(Provided material begins)

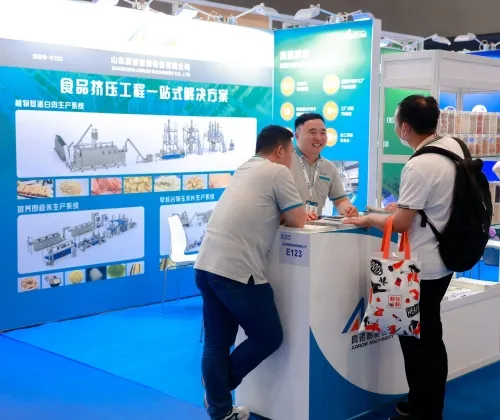 Shandong Arrow was invited to participate in the FBIF exhibition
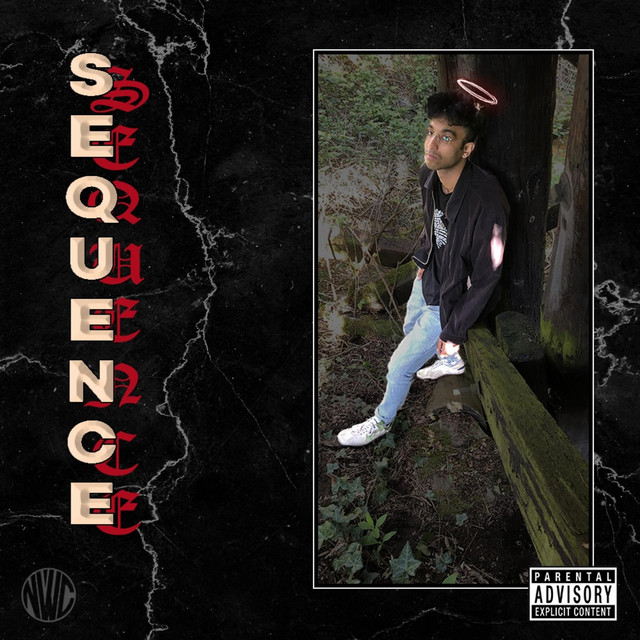 Sequence cover art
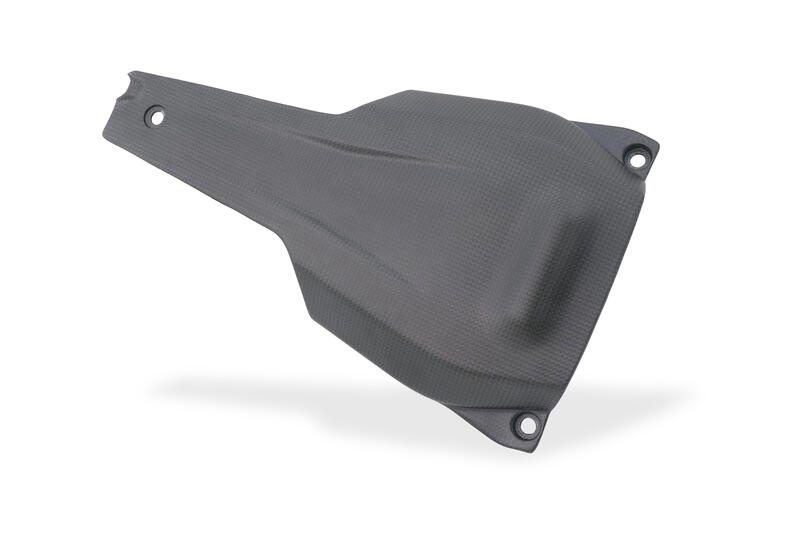 Undertail cover Ducati Hypermotard 698 Mono - Carbon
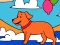 Gra Color By Code: Yellow Dog w Internecie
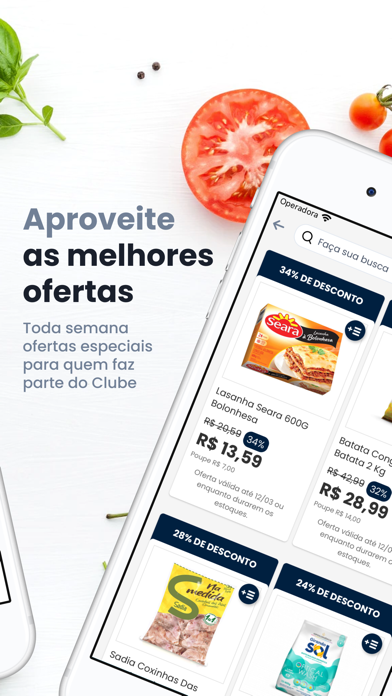 Clube São Pedro Screenshot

(Provided material ends)

• **About this exercise**: So that the copy stays exact, reproduce each record word for word and leave its images out.

• **Result of this exercise**:
 Shandong Arrow was invited to participate in the FBIF exhibition
 Sequence cover art
 Undertail cover Ducati Hypermotard 698 Mono - Carbon
 Gra Color By Code: Yellow Dog w Internecie
 Clube São Pedro Screenshot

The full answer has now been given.